**Exercise details**
Look below for the line containing "SKYDWELLER BLUE JUBILEE (2022)" and the line containing "H&M Seamless Shaping", then set down both and every line between them exactly, without pictures.

**Dataset extract**

▬▬▬▬▬▬▬▬▬▬

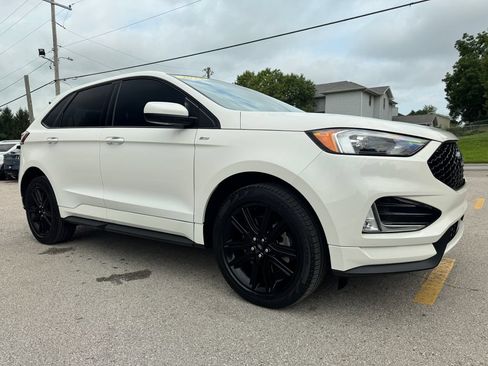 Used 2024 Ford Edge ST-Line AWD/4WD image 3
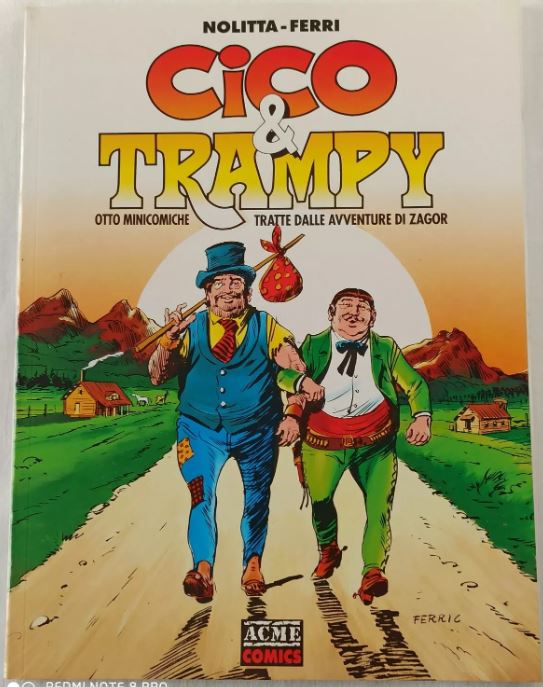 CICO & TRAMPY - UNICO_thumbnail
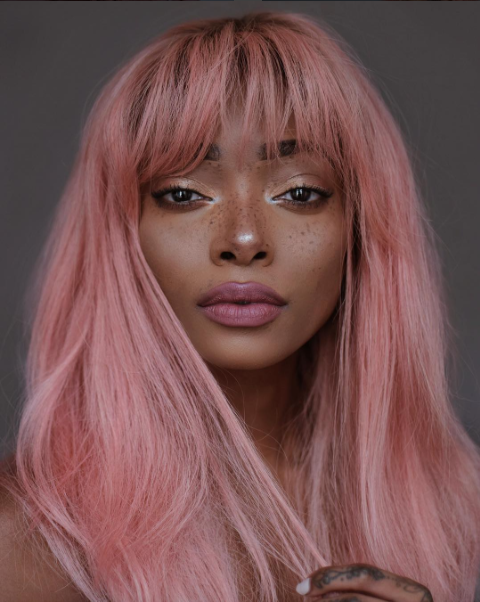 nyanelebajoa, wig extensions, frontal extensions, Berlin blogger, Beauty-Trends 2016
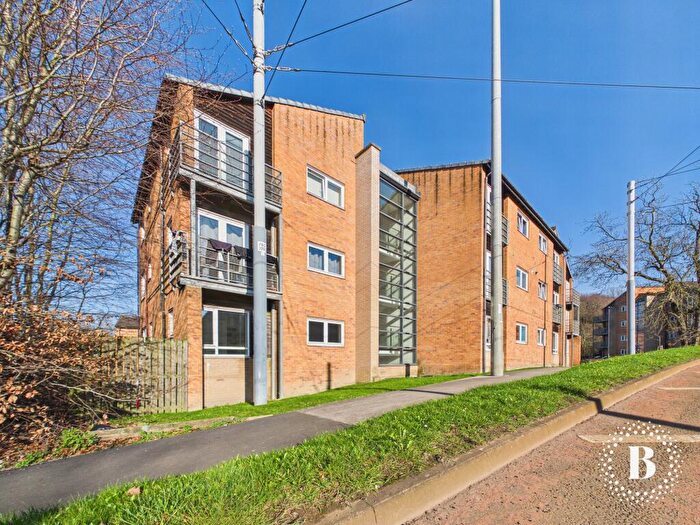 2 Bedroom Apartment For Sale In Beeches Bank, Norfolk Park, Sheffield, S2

▬▬▬▬▬▬▬▬▬▬

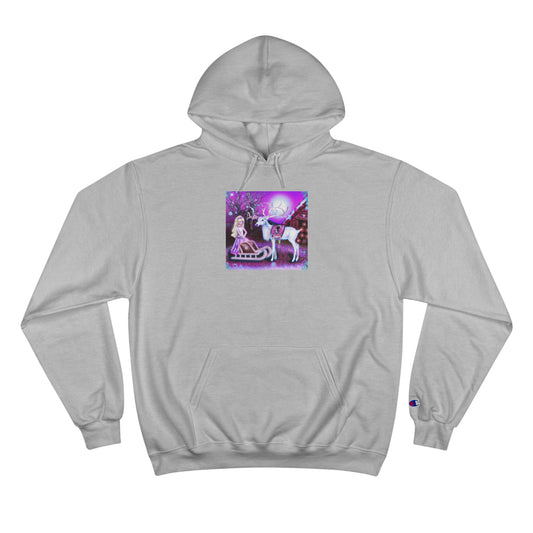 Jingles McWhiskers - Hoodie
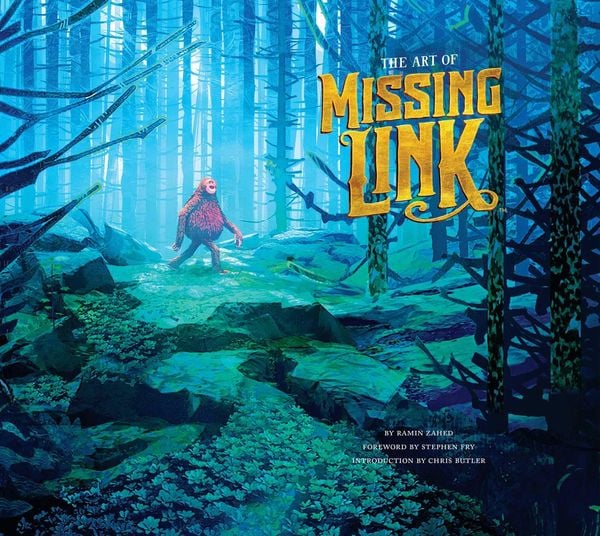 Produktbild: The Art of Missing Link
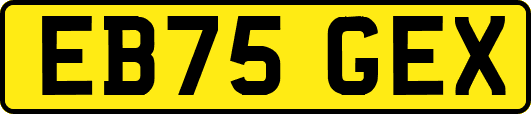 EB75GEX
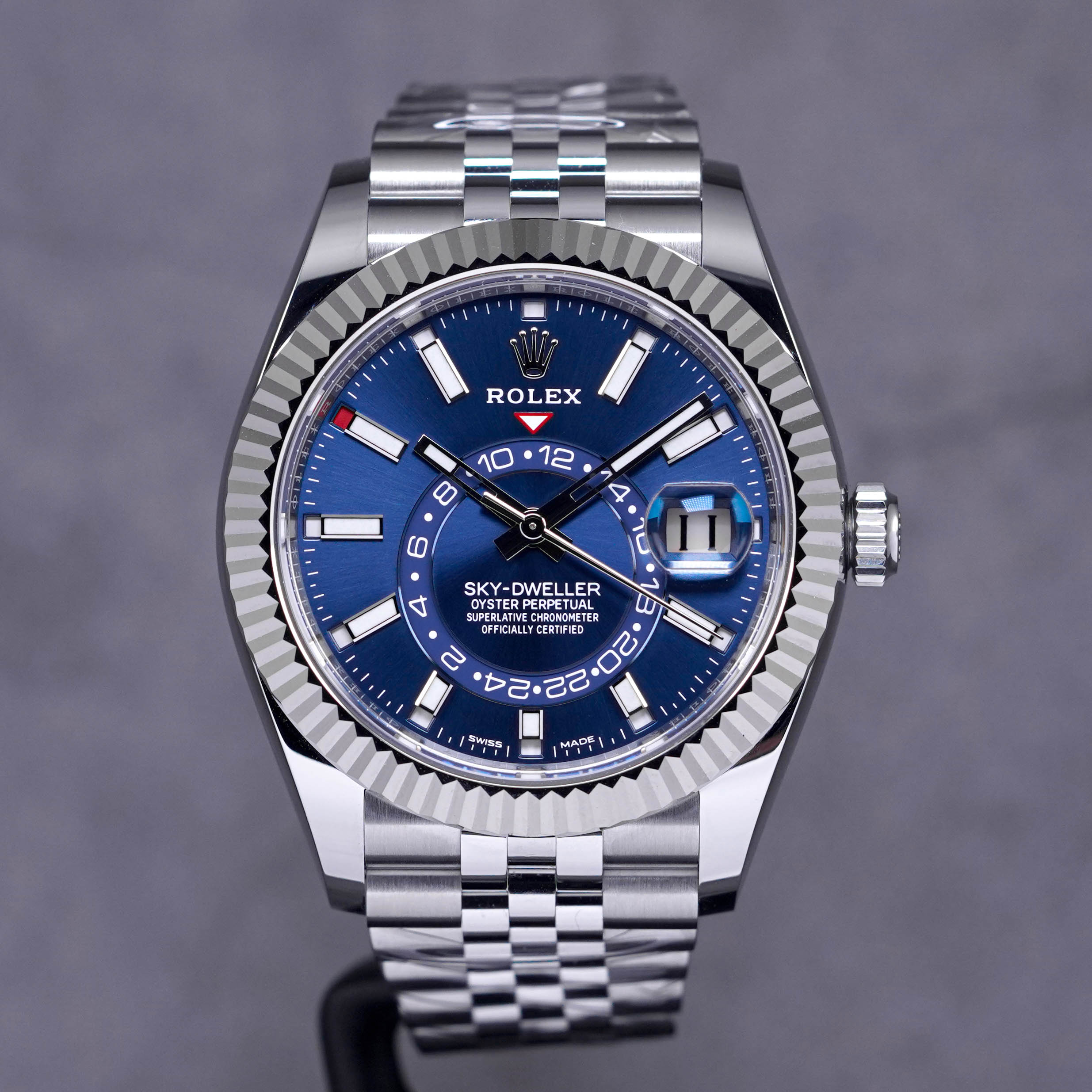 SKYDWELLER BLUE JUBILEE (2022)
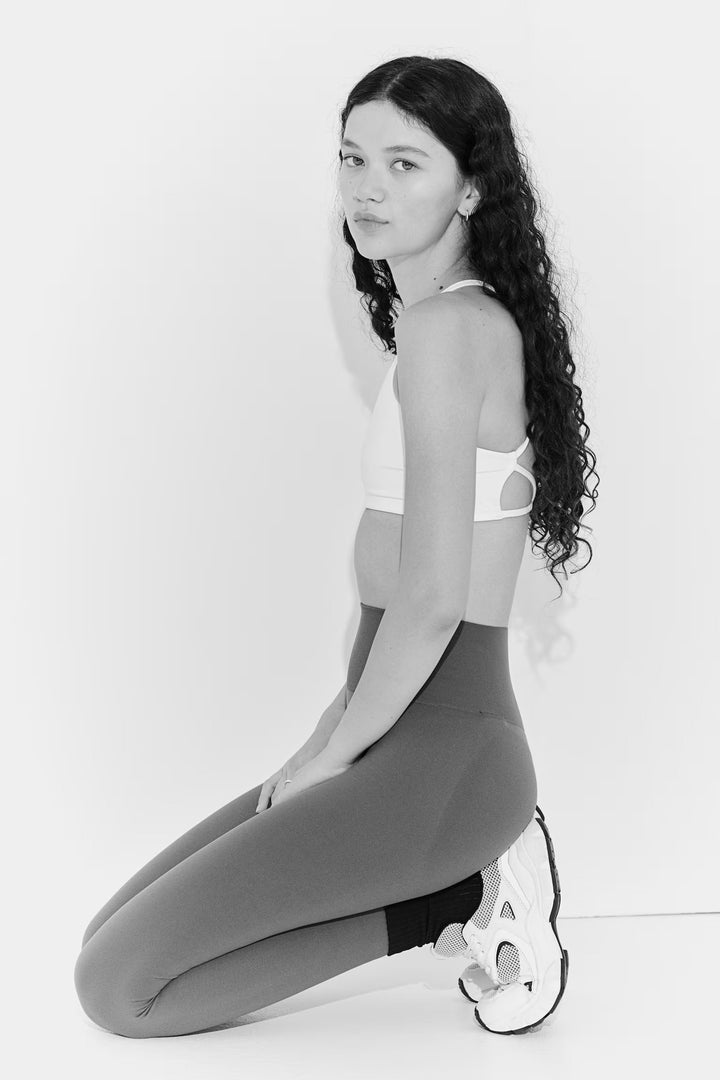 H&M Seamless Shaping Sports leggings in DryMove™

▬▬▬▬▬▬▬▬▬▬

**Response**
 SKYDWELLER BLUE JUBILEE (2022)
 H&M Seamless Shaping Sports leggings in DryMove™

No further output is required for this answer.